Those protests led to moves by Clemson and Winthrop universities and the University of South Carolina to try to do away with giving prominence to names on their campuses associated with white supremacy and the pre-Civil War slavery era.
Cook’s letter to the Supreme Court also asks permission to file a “friend of the court” brief, even though the Attorney General is not a named party to the lawsuit.
The plaintiffs are:
▪ Jennifer Pinckney, the widow of Clementa Pinckney, the state senator slain along with eight other African Americans in 2015 at Mother Emanuel AME Church by Dylann Roof, a white supremacist from Columbia who revered the Confederate flag. Convicted of the murders, he is now on federal death row.

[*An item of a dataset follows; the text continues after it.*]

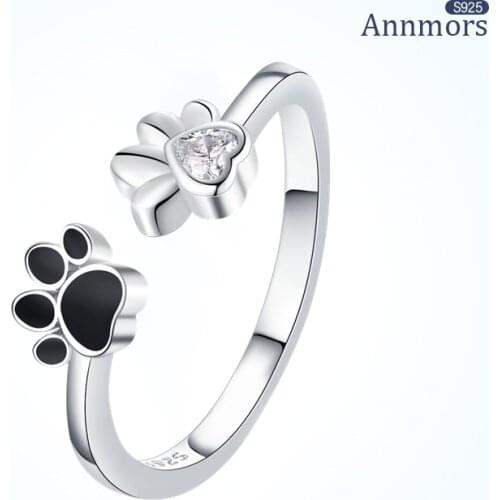 Open Hole Dog Paw Rings 925 Sterling Silver Adjustable Finger Couple Animal Rings Women Jewelry Accessory Anti-allergy Xmas Gift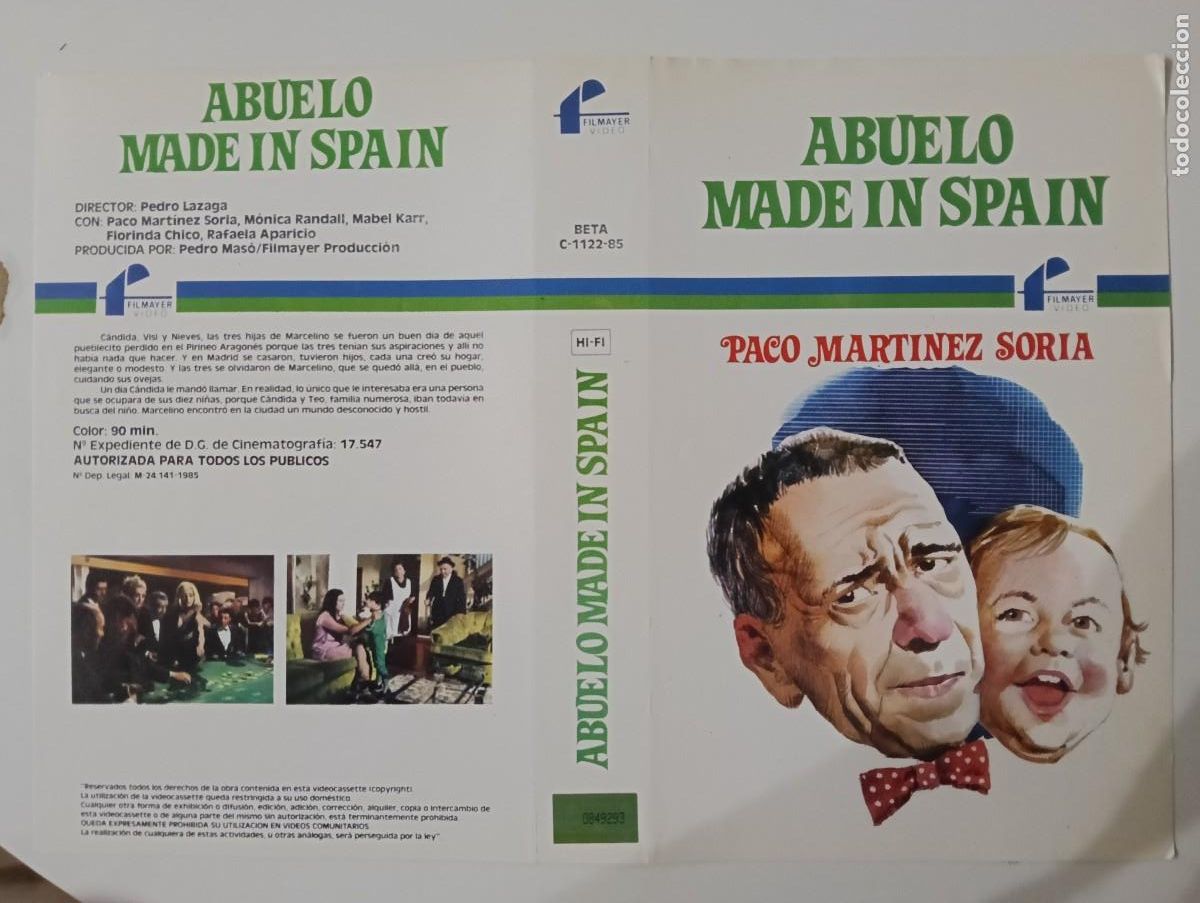 Cine: SUBASTA CARATULAS 057 - ABUELO MADE IN SPAIN FILMAYER BETA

▪ Howard Duvall, Columbia city council member, who is a member of the city’s Arts and Historic Preservation Committee.
▪ Kay Patterson is a former African American S.C. House and Senate member, long active in civil rights and social causes. Patterson has a historical marker memorializing his birthplace and accomplishments.
Defendants in the case are Gov. Henry McMaster, a Republican; SC Senate President Harvey Peeler, R-Cherokee; and House Speaker Jay Lucas, R-Darlington. They have until next week to file replies in the Supreme Court.
The lawsuit was filed by Columbia attorney Matthew Richardson and State Sen. Gerald Malloy, D-Darlington.